Mumbai: Sebi is hopeful of taking a call in the next six months on listing of nation's premier bourse BSE after the integration of the capital market watchdog with the commodities regulator Forward Markets Commission (FMC).
“We are hopeful that in about six months from now, we will be able to take a call on listing of BSE after resolving several issues pertaining to the integration of Sebi and the FMC,” Sebi Chairman U K Sinha told reporters on the sidelines of an Indian Merchants' Chamber function here.
Meanwhile, Sinha refused to answer a question on what the Securities and Exchange Board of India (Sebi) is doing on United Spirits-Diageo controversy, wherein the British company wants USL chairman Vijay Malyya to leave the company, saying “I cannot comment on individual cases.”

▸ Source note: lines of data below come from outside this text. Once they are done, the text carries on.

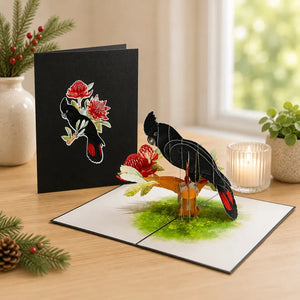 Handmade Red Tailed Black Cockatoo On Red Waratah Branch 3D Origami Pop Up Native Bird Greeting Card.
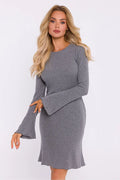 Robe de jour élégante en maille coton côtelé manches longues silhouette en sablier taille ajustable robe grise femme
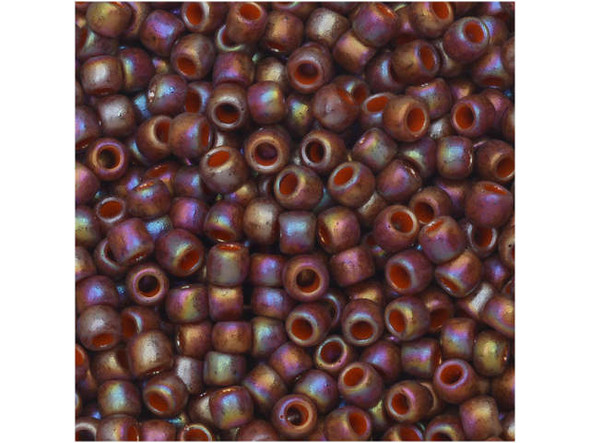 TOHO Glass Seed Bead, Size 8, 3mm, Semi Glazed Rainbow - Burnt Orange (Tube)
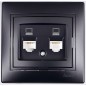 Розетка компьютерная 2-м Mira RJ45 со вставкой черн. бархат LEZARD 701-4242-141 Розетка компьютерная 2-м Mira RJ45 со вставкой черн. бархат LEZARD 701-4242-141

After the demutualisation process, the country's premier stock exchange sought regulatory permissions for listing on bourses.
In 2012, Sebi had allowed the stock exchanges which have completed over three years of operations to list their own shares through an IPO. Under Sebi guidelines, stock exchanges should have minimum net worth of Rs 100 crore and were given three years to achieve threshold capital base.
Sinha pointed out that since then several other issues have come up. For example, what is going to be exchange space, especially when commodities markets will also come under the ambit of Sebi and those exchange will also technically become security market instruments.
“Since commodity futures are going to be defined as securities, they can also technically demand and be eligible for trading in futures. So there are whole lot of issues, which are still unresolved. But my feeling is that in period of about six months from now, we will be able to take a call,” Sinha said.
“Exchanges in our country today are performing regulatory functions. This includes regulation of brokers and regulation of listed entities...We are trying to evaluate whether we are comfortable with the current arrangement,” Sinha added.
Commenting on the status of the merger between Sebi and FMC, Sinha said, “The Finance Bill in the present forms says the government will provide a date for the merger. In the meantime, Sebi and FMC are working together. We have formed teams and are trying to understand various nuances...the manpower that will be required,” he said.
Sinha said the domestic flow in the markets are positive after a gap of five years. Nearly Rs 71,000 crore net inflow were witnessed in equity markets last year. We need serious reforms in the pension area, which will help domestic funds to invest more in the market.
The real estate investment trusts (REITs) and the Infrastructure Investment Trusts (InvITs) regulations are in place. The government is actively considering clarifying the tax issues around REITs soon, he added.
Sinha also warned corporates to be ready for severe punishments for not appointing women directors. Nealry one-third of listed companies have not yet appointed women directors as of April 1, 2015.
“If they don't comply within extended time-frame of September this year, then Sebi will take action with severe penalty. I hope such situation does not arise,” Sinha warned.
With the Companies Act of 2013 have tightened corporate governance norms by making it mandatory for firms to have at least women director on their board.
This is the second extension that Sebi had given to companies after six months' additional time given last September.
On April 8, Sebi had announced a minimum Rs 50,000 fine on companies not having woman on board and warned of further action, including against promoters and directors, for non-compliance beyond September.
Without naming the companies that failed to appoint at least one woman director within the stipulated deadline of March 31, Sebi announced a four-stage penalty structure wherein fines increase with the passage of time.
Sebi had warned of “serious consequences” for non-compliance, but a large number of companies, including many state-run firms, actually failed to meet the deadline.
The regulator has asked the stock exchanges to levy the fines as the violation relates to the listing agreement.
As a result, the fines would multiply for the companies listed on multiple exchanges.